Meerkat: Detecting Website Defacements through Image-based Object Recognition

Authors

Kevin Borgolte, Christopher Kruegel, Giovanni Vigna

Publication

Proceedings of the 24th USENIX Security Symposium (USENIX Security), August 2015

Abstract

Website defacements and website vandalism can inflict significant harm on the website owner through the loss of sales, the loss in reputation, or because of legal ramifications.

Prior work on website defacements detection focused on detecting unauthorized changes to the web server, e.g., via host-based intrusion detection systems or file-based integrity checks. However, most prior approaches lack the capabilities to detect the most prevailing defacement techniques used today: code and/or data injection attacks, and DNS hijacking. This is because these attacks do not actually modify the code or configuration of the website, but instead they introduce new content or redirect the user to a different website.

In this paper, we approach the problem of defacement detection from a different angle: we use computer vision techniques to recognize if a website was defaced, similarly to how a human analyst decides if a website was defaced when viewing it in a web browser. We introduce MEERKAT, a defacement detection system that requires no prior knowledge about the website’s content or its structure, but only its URL. Upon detection of a defacement, the system notifies the website operator that his website is defaced, who can then take appropriate action. To detect defacements, MEERKAT automatically learns high-level features from screenshots of defaced websites by combining recent advances in machine learning, like stacked autoencoders and deep neural networks, with techniques from computer vision. These features are then used to create models that allow for the detection of newly-defaced websites.
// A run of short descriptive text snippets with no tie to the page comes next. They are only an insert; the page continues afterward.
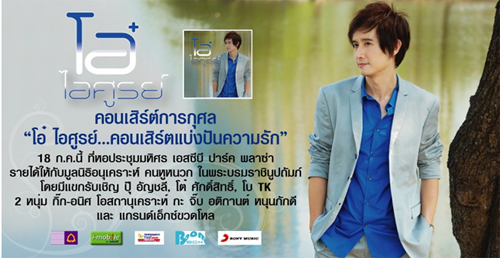 โอ๋ ไอศูรย์...คอนเสิร์ตแบ่งปันความรัก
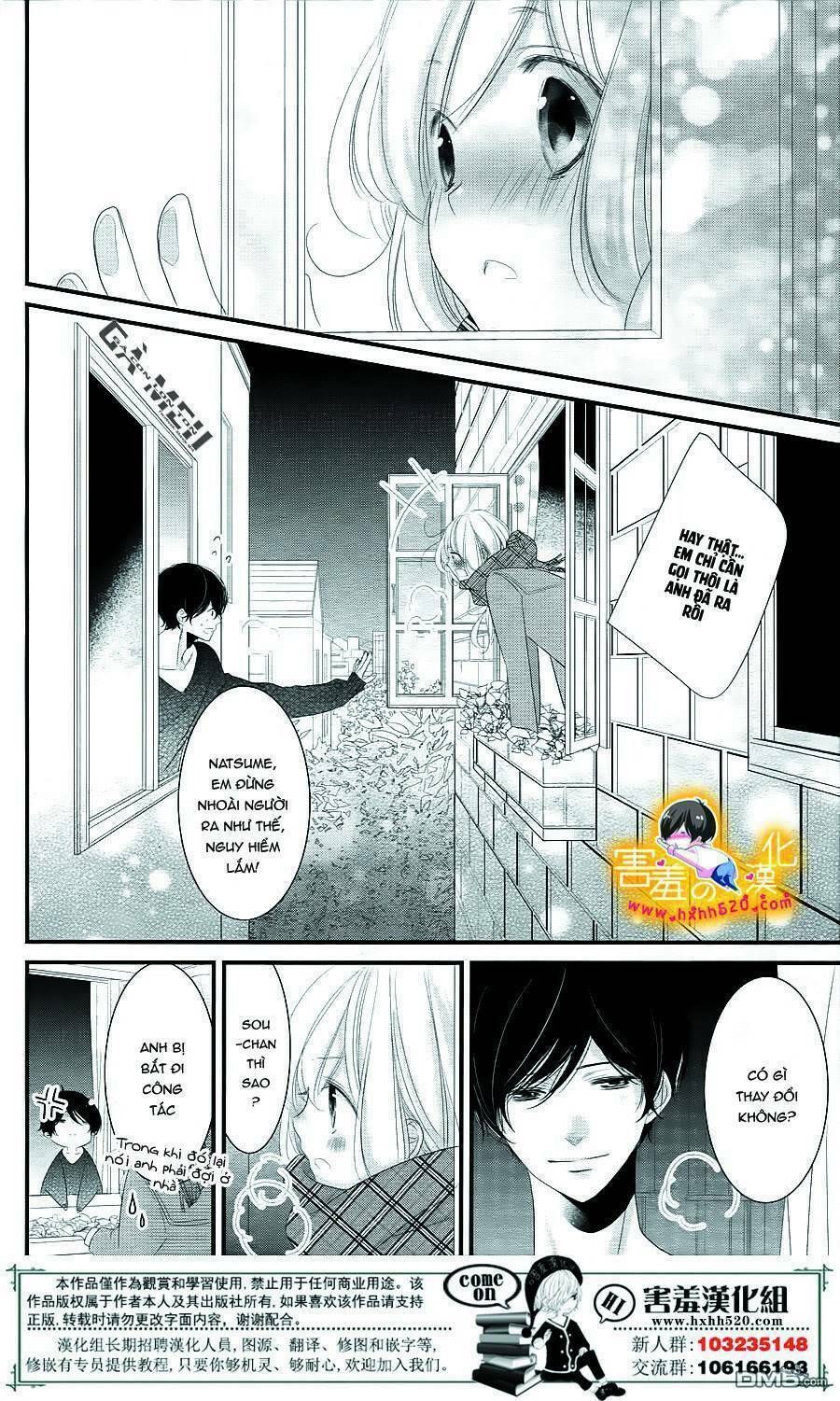 mikami-sensei no aishikata chapter 14 12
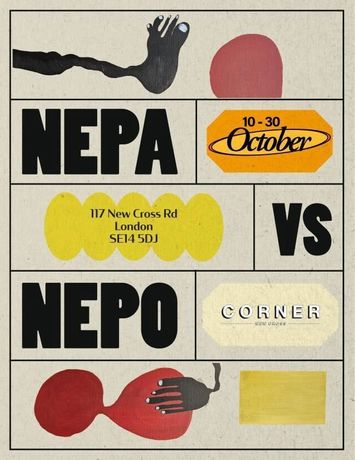 Daniel Adeyelu《Nepa vs. Nepo》:权力与不平等的视觉对话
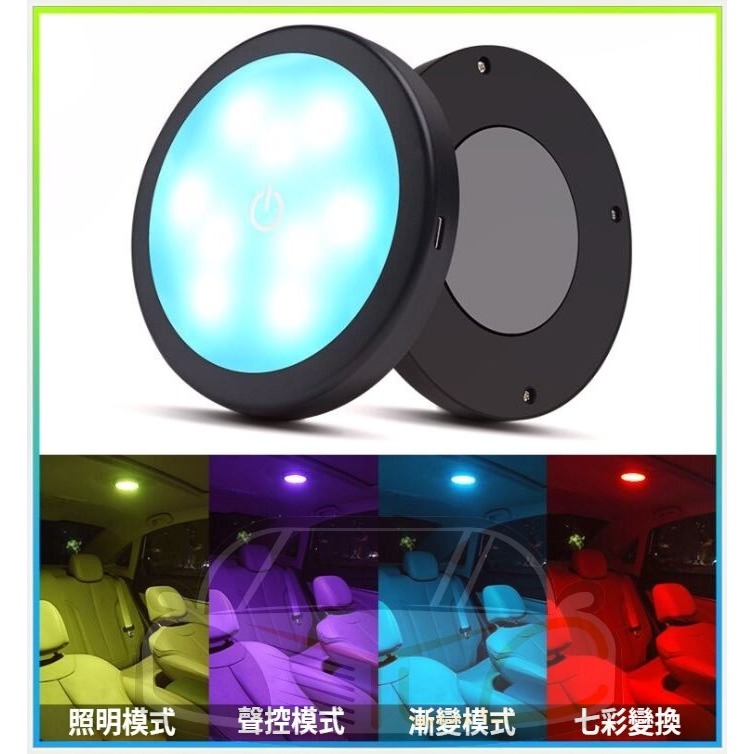 YLC。C026 免接線 充電式 車內閱讀燈 室內閱讀燈 室內燈 車內燈 氣氛燈 強磁 白光 4種模式-細節圖4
We show the practicality of MEERKAT on the largest website defacement dataset to date, comprising of 10,053,772 defacements observed between January 1998 and May 2014, and 2,554,905 legitimate websites. Overall, MEERKAT achieves true positive rates between 97.422% and 98.816%, false positive rates between 0.547% and 1.528%, and Bayesian detection rates (the likelihood that if we detect a website as defaced, it actually is defaced; P(true positive|positive)) between 98.583% and 99.845%, thus significantly outperforming existing approaches.

@inproceedings{sec2015-meerkat,
  title     = {{Meerkat: Detecting Website Defacements through Image-based Object Recognition}},
  author    = {Borgolte, Kevin and Kruegel, Christopher and Vigna, Giovanni},
  booktitle = {Proceedings of the 24th USENIX Security Symposium},
  series    = {USENIX Security},
  month     = {August},
  year      = {2015},
  publisher = {USENIX}
}